Nun wäre vermutlich keine Universität der Welt auf Dauer bereit, Forscher dafür zu bezahlen, daß sie einen Zusammenhang zwischen der Art, wie jemand mit dem Fahrrad um die Ecke biegt, und seiner Liebe zu kaltem Pfefferminztee nachweisen. Wohingegen "Sex bei Börsenpekulanten" mehr als einmal selbst in Hollywood-Filmen thematisiert wurde und in der Psychologie Konsens darüber herrscht, daß sich die Erotik der Bilder auf die Wunschvorstellung oder Erwartung stützt, etwas in Besitz nehmen zu können. Ähnlich perspektivisch ist auch die Erwartung bei Wetteinsätzen angelegt, wie sie an der Börse getätigt werden ... oder beim Anblick erfrischenden Pfefferminztees. Die Verknüpfungsmöglichkeiten sind Legion und können nach Belieben auf das gewünschte Ergebnis zusammengestellt werden.

Inzwischen wurde innerhalb der Hirnforschung die neue Fachrichtung Neuroeconomics (Neuroökonomie) etabliert. Sie befaßt sich unter anderem mit der Frage, warum Menschen unter welchen Umständen finanzielle Entscheidungen treffen. Im obigen Beispiel hatten die Forscher zwei Faktoren "Wetten" und "Erotik" korreliert und dadurch einen inneren Zusammenhang unterstellt - es wäre jedoch ein fundamentaler Irrtum, aus der statistischen Häufung des "Aufleuchtens" des Nucleus accumbens Kausalitäten ableiten zu wollen.
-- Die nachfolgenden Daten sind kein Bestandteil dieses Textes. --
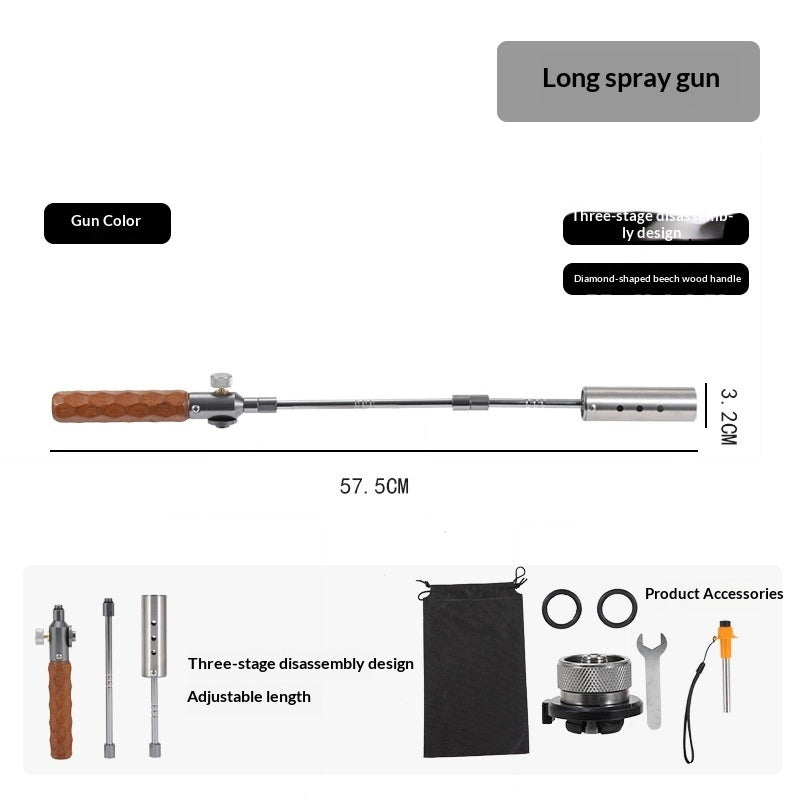 "Tragbares Edelstahl-Sprühgerät: Abnehmbar, Langlebig & Komfortabel für Haus und Garten"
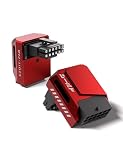 EZDIY-FAB シールド シリーズ PCIe 5.1アダプター 12VHPWR 12+4ピン 600W 90度直角アダプター GPU電源アダプター 12V-2x6 GPU対応 グラフィックボード用 RTX3090Ti,4070Ti,4080,4090に対応 標準タイプ 赤 - 1パック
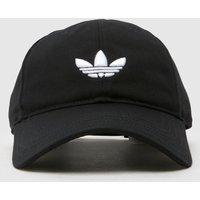 adidas Trefoil Baseball Cap White in Black & White, Size: OSFM adidas Trefoil Baseball Cap White in Black & White, Size: OSFM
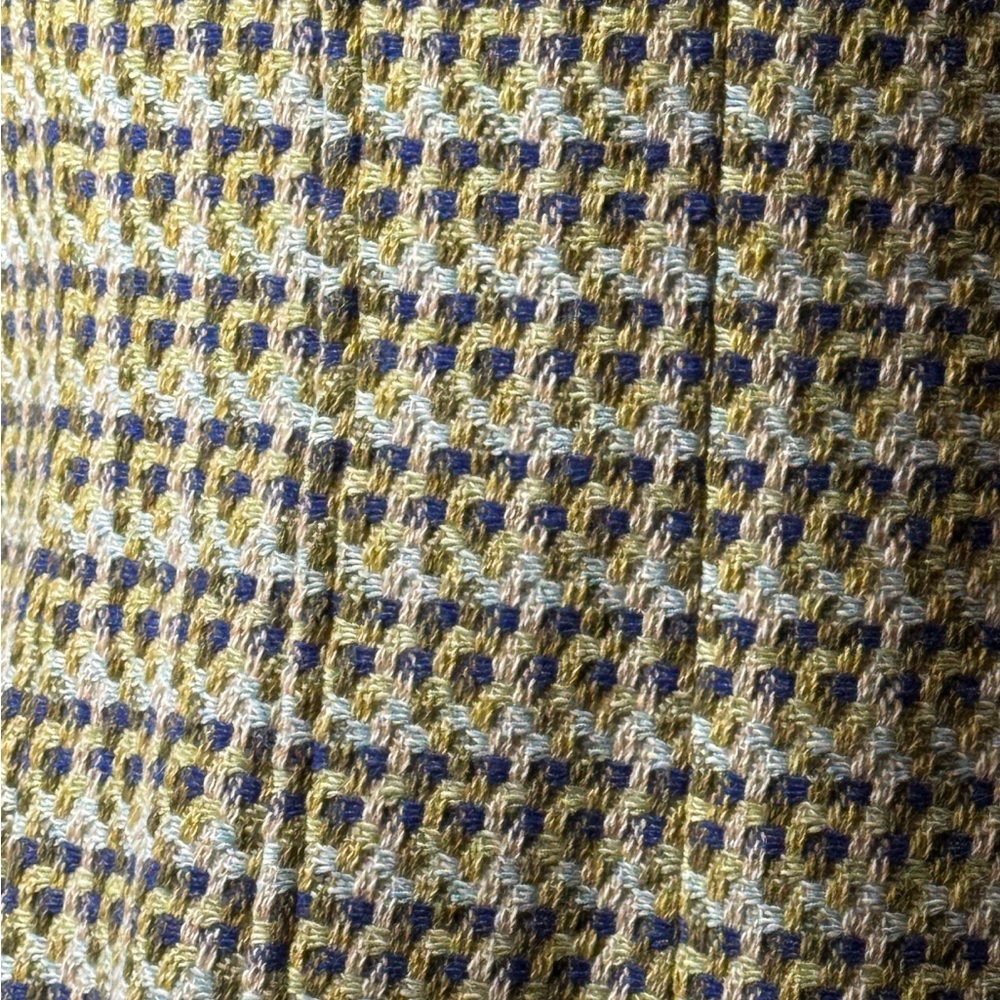 Talbots Tweed Blazer Jacket Green Blue Size 10P Classic Career Chic Textured - Picture 11 of 16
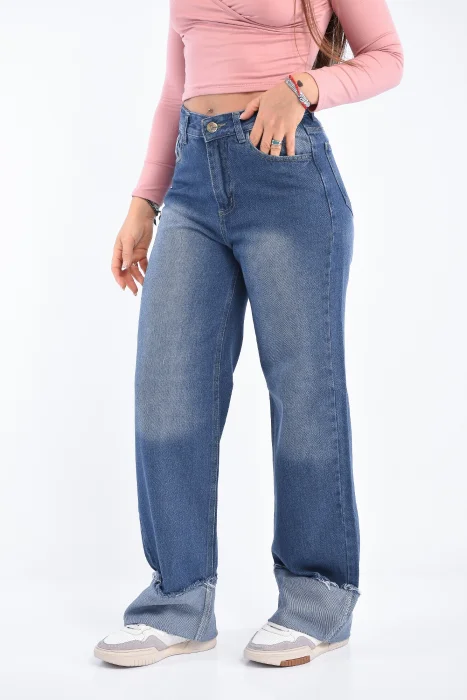 Wide Leg Dobladillo Az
Das Differenzierungsvermögen dieses Organs hinsichtlich der zahllosen Faktoren, die den Menschen Vergnügen bereiten können, ist gering. Vereinfacht gesagt: Egal welche Freude, das Resultat ist immer das gleiche, die Hirnregion leuchtet auf. Sieht man von gewissen Intensitätsunterschieden ab, beinahe wie ein Signallicht, das per Knopfdruck ausgelöst wird.

Selbstverständlich gibt es einen Zusammenhang zwischen Wetten und Sex - der Mensch ist das verbindende Element. Und was sagt uns das jetzt? Die aktuelle Untersuchung trägt weder zur Aufklärung über die Intentionen beim Anblick erotischer Bilder bei noch beleuchtet sie in irgendeiner Weise die systemischen Voraussetzungen, durch die einzelne Personen oder Personengruppen in die Lage versetzt werden, mittels Finanztransaktionen sich selbst oder auch ganze Volkswirtschaften in den Ruin und viele Millionen Menschen in Armut und Not zu treiben - geschweige denn, daß dieses System kritisch hinterfragt und eine Gegenposition eingenommen würde.
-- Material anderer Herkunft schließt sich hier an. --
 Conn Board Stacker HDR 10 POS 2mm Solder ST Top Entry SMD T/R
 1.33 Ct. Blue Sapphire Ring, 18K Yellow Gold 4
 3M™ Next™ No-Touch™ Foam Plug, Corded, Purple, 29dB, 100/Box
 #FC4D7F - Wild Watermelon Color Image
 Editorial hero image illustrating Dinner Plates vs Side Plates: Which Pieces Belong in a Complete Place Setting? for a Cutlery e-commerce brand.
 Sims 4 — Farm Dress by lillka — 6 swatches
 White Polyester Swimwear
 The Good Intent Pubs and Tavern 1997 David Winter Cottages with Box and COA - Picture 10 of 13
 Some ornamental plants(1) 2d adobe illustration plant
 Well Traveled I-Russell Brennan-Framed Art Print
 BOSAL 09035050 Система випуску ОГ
Darüber hinaus ignoriert die Studie schon im Ansatz jegliche Bemühung einer Emanzipation von des - in diesem Fall - männlichen Getriebenseins und setzt es statt dessen als vermeintlich naturgegeben voraus. Vorherrschende Bedingungen werden unkritisch kolportiert. Es handelt sich somit um eine entwickelte Form von herrschaftskonformer Forschung, angefangen von der Wahl des Instrumentariums - Magnetresonanztomographen sind teuer und erfordern eine Infrastruktur, zu der die lückenlose Stromversorgung ebenso gehört wie das Fachpersonal, das das Gerät zu bedienen versteht - über die Methodik bis zu den Schlußfolgerungen, die von den Forschern gezogen werden.